Photo Chris Randle

Unwrapping culture, Pichet Klunchun & Alvin Erasga Tolentino

Par Margot Baffet

Publié le 30 octobre 2015

Malgré la globalisation d’une culture désormais sans frontière, la création contemporaine s’attache encore à ses racines. Unwrapping Culture est représentative de ces identités culturelles qui se réinventent et fleurissent de leurs origines par une ré-actualisation décalée. Dans ce spectacle, la danse Khon est donnée à voir dans un contexte de performance immersive dans laquelle le public circule librement dans le décor. D’origine thaïlandaise et canado-philippine, Pichet Klunchun et Alvin Erasga Tolentino forment un duo de performeurs étonnant qui traite cette problématique identitaire d’aujourd’hui.

Se jouant des icônes religieuses dénaturées que l’on trouve dans les pays asiatiques touristiques, le duo évolue dans un bazar de toc et de plastique. Entre bruits électroniques frénétiques et saturation de couleurs fluorescentes, le décor nous immerge dans une culture populaire d’Asie où le clinquant est roi. Des jouets interactifs et des fétiches anecdotiques recouvrent le sol en profusion. La musique kitsch nappe également d’ironie ce royaume fictif où le ludique côtoie allègrement le sacré. C’est dans ce chaos absurde qu’est interprétée la noblesse de la danse Khon. Traditionnellement dansée à la cours royale en Thaïlande, elle est ici réinterprétée avec des codes contemporains.

Le choc des cultures contribue à une oeuvre vivante hybride qui attire inévitablement notre curiosité. On entrevoit implicitement une critique de cette surconsommation insensée qui vulgarise souvent les arts ancestraux. La distraction désacralise cette danse ancienne avec exubérance: les deux performeurs conditionnent habilement leur public à l’euphorie du jeu. Avec la force des potentialités scéniques, Pichet Klunchun et Alvin Erasga Tolentino parviennent à nous introduire dans ce « fast-mood » : le sacré se subtilise au profane et le spectateur est amené à consommer l’instant d’euphorie. Le procédé d’immersion est réussis, l’électrisation du public opère grâce à l’intensité de jeu des comédiens-danseurs.

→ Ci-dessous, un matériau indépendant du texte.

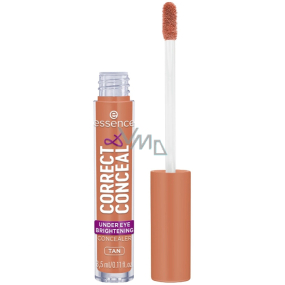Essence Correct & Conceal rozświetlający korektor pod oczy 30 Tan 3,5 ml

Cet emballage de culture est traité sous un angle original, et l’esprit déjanté de la performance amène les questionnements sociaux sur un terrain inattendu. La particularité des décors nécessite néanmoins une grande habilité logistique de la part des interprètes, qui peut parfois parasiter l’intention des spectateurs. Malgré cette mise en scène risquant l’impatience de l’audience, le parti-pris visuel reste étonnant. Les deux compagnies de danse ont su allier leur style harmonieusement, tout en réinventant audacieusement leurs codes pour cette représentation transculturelle unique en son genre.

Vu à MAI (Montréal, arts interculturels). Photo © Chris Randle.